High Performance Liquid Chromatography (HPLC), otherwise referred to “High Pressure Liquid Chromatography”, is a technique used to separate, identify, and quantify each component in a mixture.
The principle of chromatography is that, if a mixture of molecules is injected and percolated with an adequate solvent, (called eluent), through a chromatography column packed with beads of an adequate adsorbent, some molecules, having more affinity, will take longer than others to pass through a chromatographic column. More precisely, chromatography can best be described as a mass transfer process involving adsorption of analytes as they flow through a column filled with stationary phase, leading to the separation of the components according to their retention time.

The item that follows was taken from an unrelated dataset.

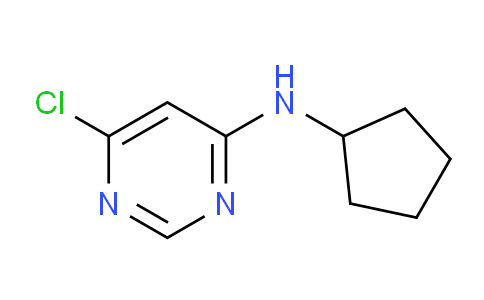 CAS No. 1220016-77-2, 6-Chloro-N-cyclopentylpyrimidin-4-amine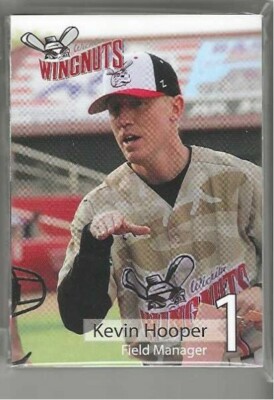 2011 WICHITA WINGNUTS TEAM SET COMPLETE INDEPENDENT AMERICAN ASSOCIATION NEW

In HPLC, the “High Performance” is related to the fact that very small beads (typically 5 to 50 µm of diameter) of adsorbent are used. There are two consequences…

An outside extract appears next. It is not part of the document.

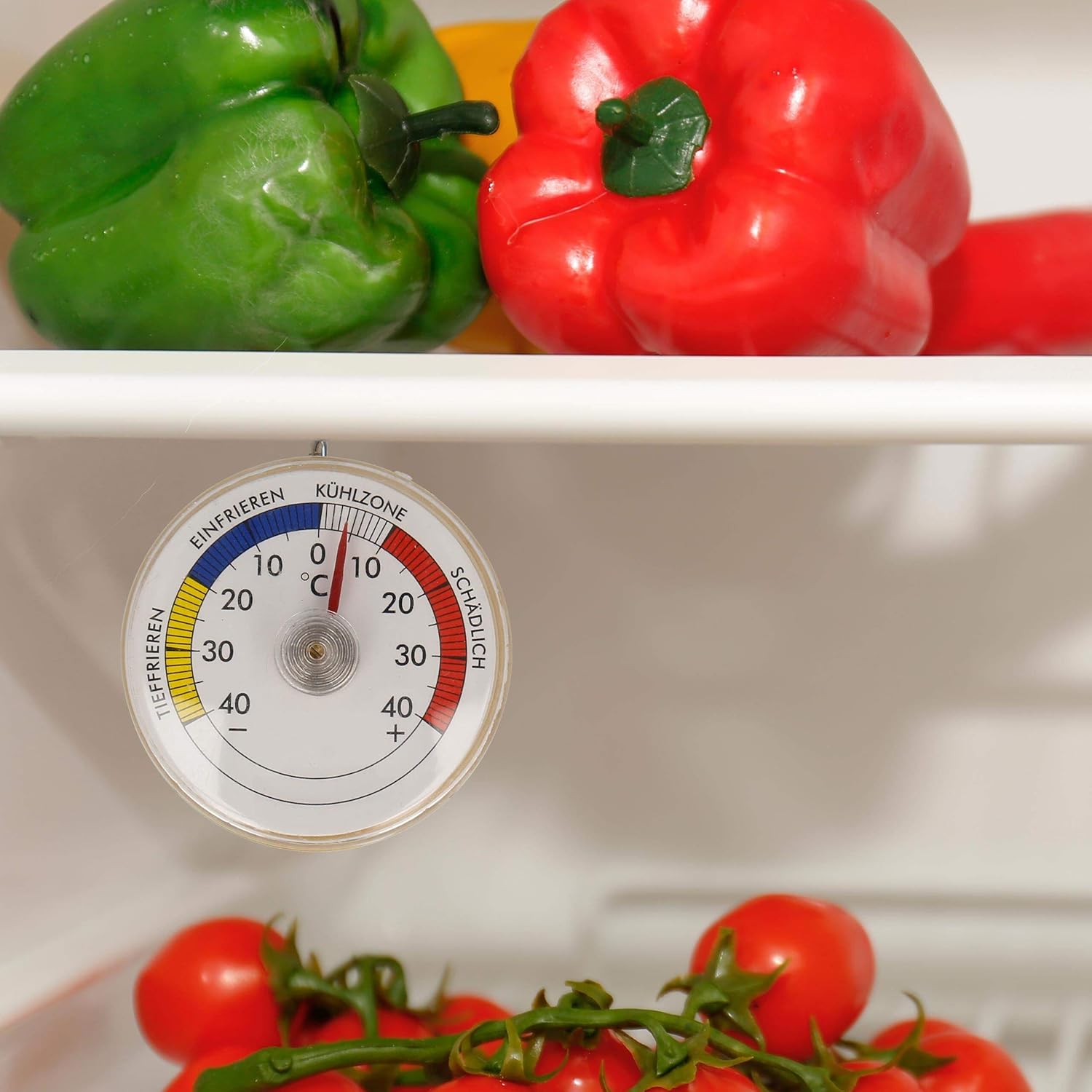 Termometro Cucina Professionale 2 Termometri Frigo E Congelatore - Foto 10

Firstly, the band of distribution of the products in the eluent will be thinner (in other words, chromatographic peaks will be thinner), and secondly, the flow of eluent through this packed bed of small beads will generate high pressure. This is why HPLC is often called high pressure liquid chromatography. Pressure is the consequence, not the cause!
Preparative HPLC uses the principles of analytical HPLC, but it is used to produce purified molecules. Therefore, in preparative HPLC the goal is to inject and produce the maximum amount of targeted product per unit time. It is an important technique used for manufacturing of pharmaceutical and biopharmaceutical APIs & intermediates.
HPLC offers a higher separation performance (higher purity and higher yield), ease of scale up, and reduces the number of fractions collected, which need to be analyzed individually.
Flash chromatography is a separation technique like HPLC that is operated at low/medium pressure. The stationary phase used in flash chromatography is composed of a large particle size, inducing lower back pressure but with a lower efficiency compared with HPLC.
Batch chromatography is a sequential process taking place in one single column, composed of injection, elution and collecting steps. Continuous chromatography is based on continuous feed injection, and continuous collection, of target and unwanted streams, taking place in a series of columns connected in a loop.
In a batch process, you must wait for all products to be eluted at the outlet of the column before injecting for a second run. It is a time-sequenced collection of products. In continuous chromatography, the injection takes place while separation and collections are ongoing, at different places in the loop of columns.
With batch chromatography, the process is versatile, easy to implement and the initial investment is lower. Batch is particularly suitable for smaller quantities & complex mixtures when more than one purified product fraction is to be collected.
Continuous chromatography is more productive, optimizing the use of the stationary phase. Typically, the production gain can be up to 3 times compared to an equivalent batch process, and the consumption of eluent is proportionally lower. It is suitable for medium to large scale. Implementation of a continuous process requires more development & characterization work.
Continuous chromatography is a technique limited to binary separation.
MCC (Multi-Column Continuous) chromatography is a generic technique that notably includes SMB (Simulated Moving Bed) & Varicol®. All of them are continuous processes.
In an SMB, a true counter-current between the liquid and the solid phases is simulated by the periodic, synchronous shifting of inlet and outlet streams along the loop of columns.
In the case of Varicol®, Novasep’s optimized continuous chromatography process, the shifting of inlet and outlet streams isn’t synchronous, enabling a better utilization of the adsorbent, thus enabling the use of a lower number of columns and an improved productivity.
Cyclojet® is a process using a single column based on the well-known concept of Steady State Recycling (SSR). Like SMB or Varicol®, it is a binary separator, but it is a single-column process like HPLC.
In a Cyclojet®, purified fractions are collected while fresh eluent is injected, and the part of the outlet stream that contains both products is recycled into the column. This enables to increase the productivity and reduce eluent consumption compared with HPLC. Cyclojet® is particularly suitable for difficult separations.